Typical Experimental Procedure for Asymmetric Intramolecular Heck Reaction. Pd2(dba)3 (0.002 mmol), ligand (0.008 mmol) and solvent (0.5 mL) were charged to a 10 mL Schlenk tube and stirred for 1 h. A 0.5-mL solution of the triflate 12 (0.08 mmol) and base (0.4 mmol) was added and the reaction was stirred for 5 min. The reaction was degassed, sealed and heated for up to 168 h at 110 °C. The reaction was the quenched with sat. aq NaHCO3 (5 mL), diluted with H2O (5 mL) and EtOAc (5 mL). The layers were separated and the aqueous layer was extracted with EtOAc (2 × 5 mL). The combined organic extracts were washed with brine (20 mL), dried over MgSO4 and concentrated in vacuo. The crude product was purified by column chromatography on silica gel (3:1 pentane-EtOAc).

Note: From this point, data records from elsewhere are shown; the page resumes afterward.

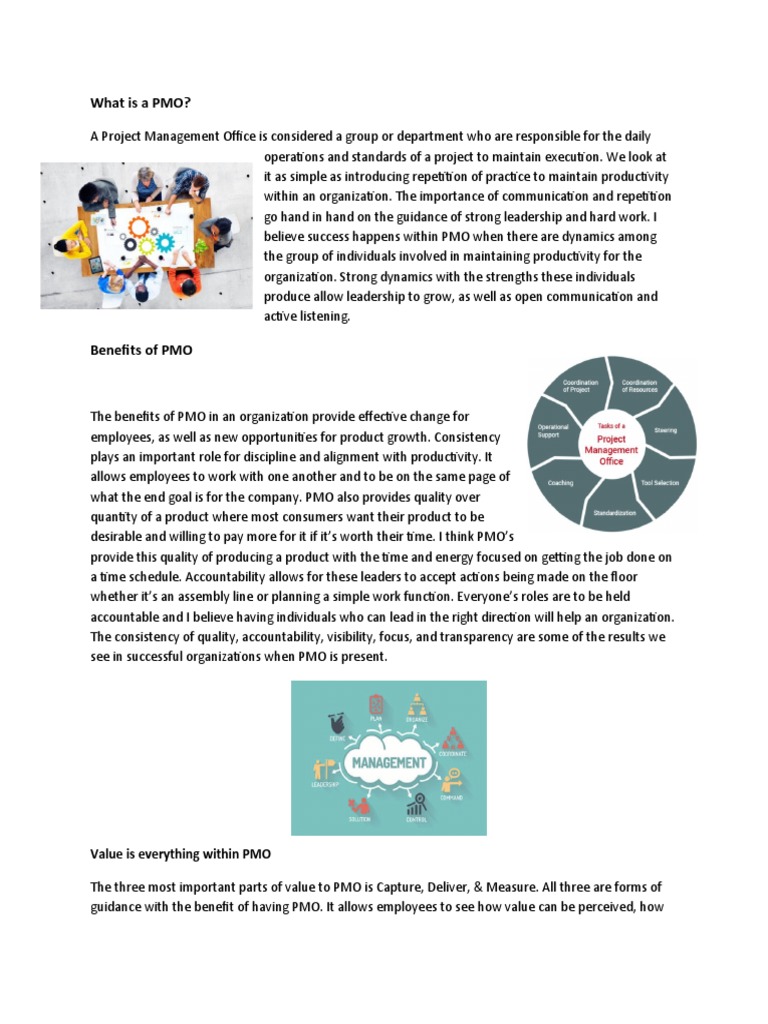 What Is A Pmo | PDF | Leadership | Psychological Concepts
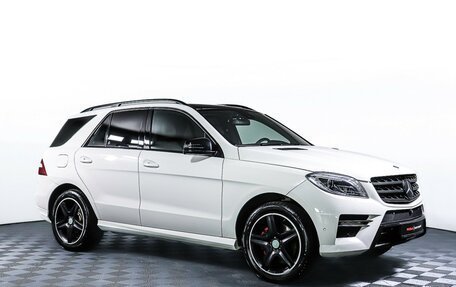 Mercedes-Benz M-Класс, 2014 год, 2 670 000 рублей, 3 фотография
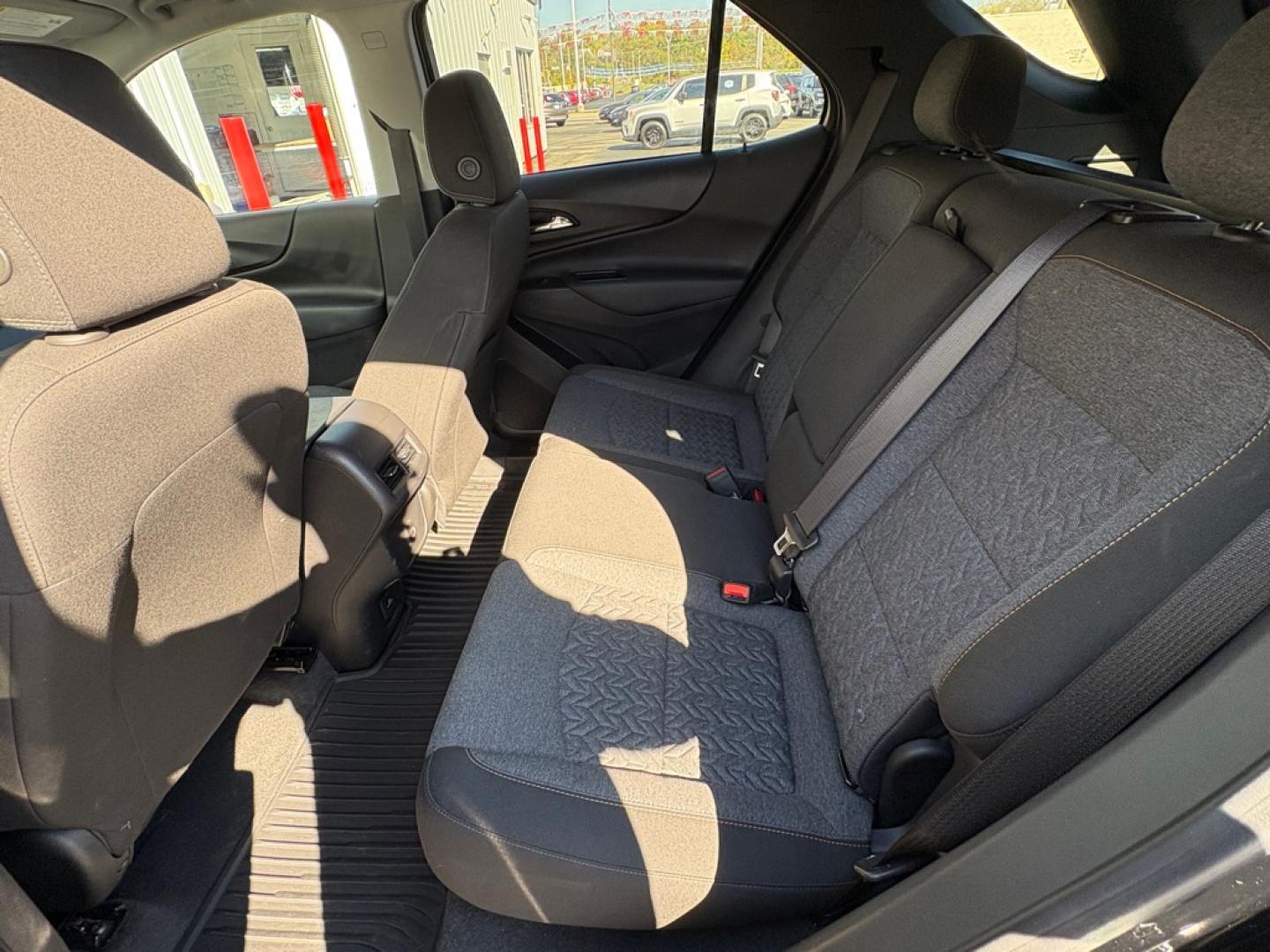 2023 BLACK CHEVROLET EQUINOX LT (3GNAXUEG9PL) with an 1.5L engine, Automatic transmission, located at 501 E. Columbia St., Springfield, OH, 45503, (800) 262-7122, 39.925262, -83.801796 - **2023 Chevrolet Equinox LT AWD - 1 OWNER!** This 2023 Chevrolet Equinox LT offers the perfect combination of comfort, technology, and versatility! Equipped with a fuel-efficient 1.5L Turbo engine and All-Wheel Drive, it's a great SUV for everyday driving! **FEATURES:** Remote Start, Heated Se- Photo#12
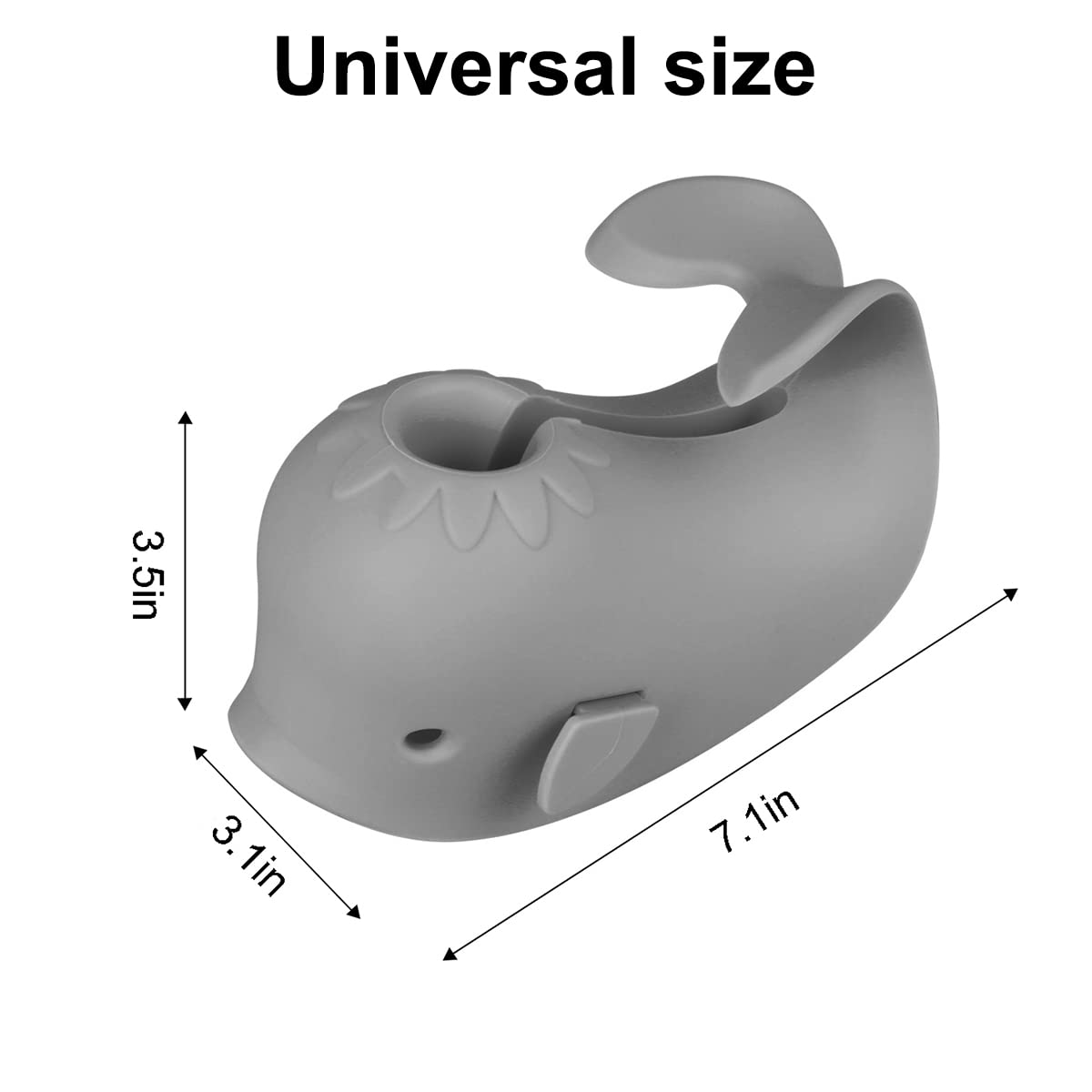 Bath Spout Cover, Faucet Cover Baby Protector Bath Tub Faucet Cover Protector for Kids, Silicone Bathtub Spout Cover for Baby Kids Toddlers Safety Protection Accessories : Baby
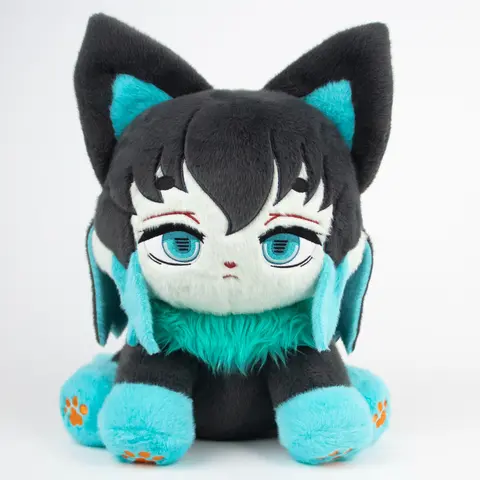 【HOT SELLER】 PLUSHSHOP 16in Cute Muicmeow Plushie Stuffed Toy, Animal Theme Soft Fabric Whimsical Look Doll, [RESTOCKED], Soft Furry Collectibles, Stuffed Animal Gifts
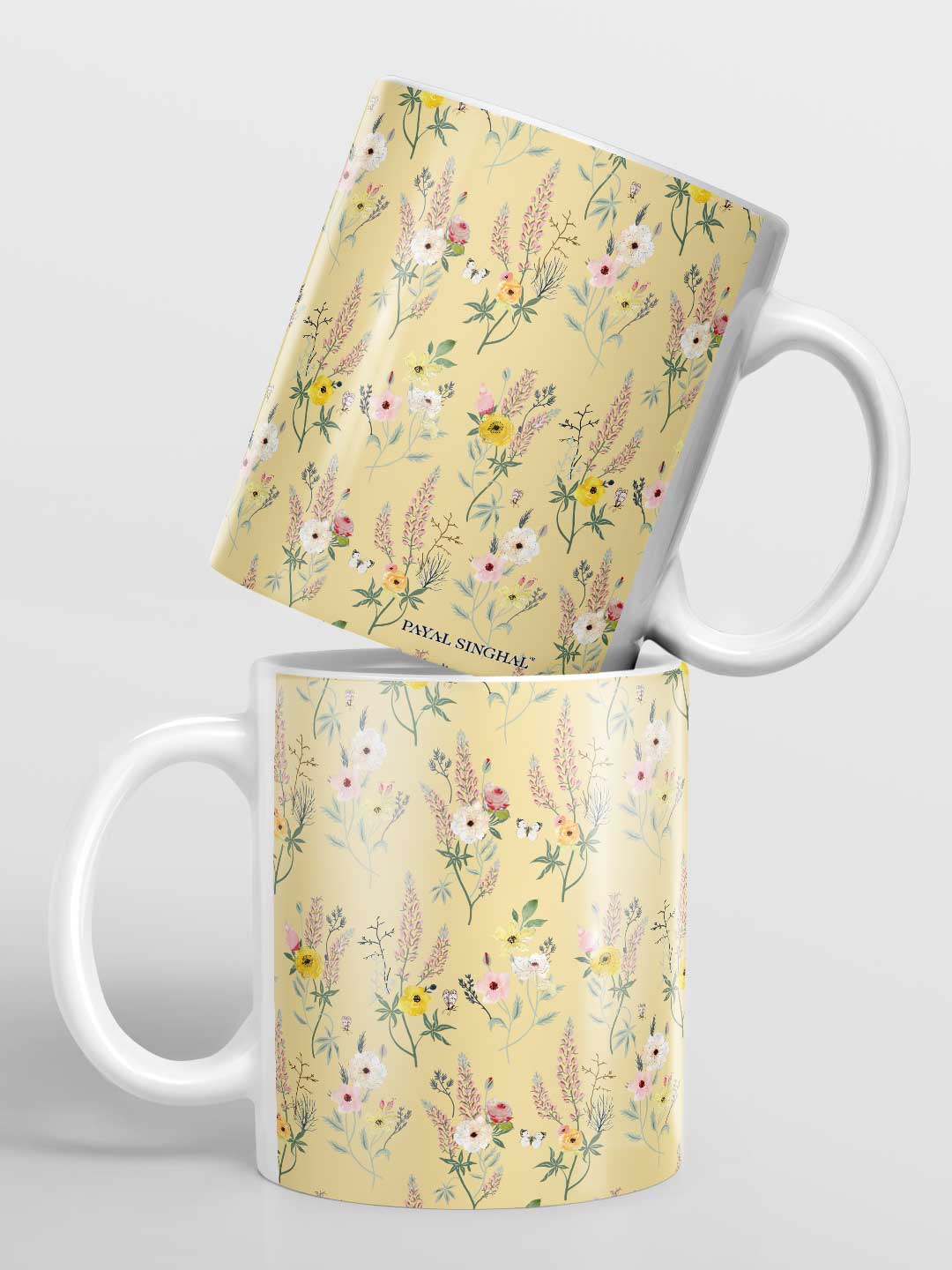 Payal Singhal Lemon Garden - Coffee Mug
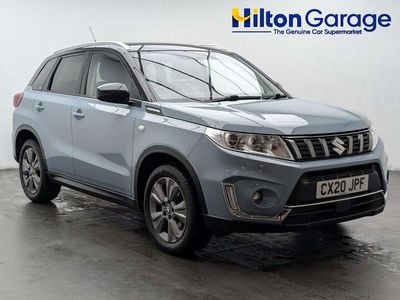 Used Suzuki Vitara SZ-T 140 HP (102 kW) 2020 Blue SUV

Spectral data for compounds 13 and 14: Δ2,3 13: 1H NMR (300 MHz, CDCl3): δ = 7.30-7.20 (m, 2 H, H5 ,6 ), 7.00 (m, 1 H, H4 ), 6.83 (d, J = 7.6 Hz, 1 H, H3 ), 6.13 (dt, J = 9.8, 4.0 Hz, 1 H, H2), 5.28 (d, J = 9.9 Hz, 1 H, H3), 3.21 (s, 3 H, NMe), 2.25-2.20 (m, 2 H, H4a,b), 2.05-2.00 (m, 2 H, H6a,b), 1.65-1.95 (m, 2 H, H5a,b). Δ3,4 14: 1H NMR (300 MHz, CDCl3): δ = 7.31 (t, 1 H, J = 7.3 Hz, H6 ) 7.27-7.25 (m, 1 H, H5 ), 7.04 (t, 1 H, J = 7.5 Hz, H4 ), 6.86 (d, 1 H, J = 7.7 Hz, H3 ), 5.84-5.95 (m, 2 H, H3,4), 3.23 (s, 3 H, NMe), 2.61-2.70 (m, 1 H, H2a), 2.30-2.36 (m, 2 H, H5a,b), 1.91-2.00 (m, 2 H, H6), 1.49-1.58 (m, 1 H, H2b).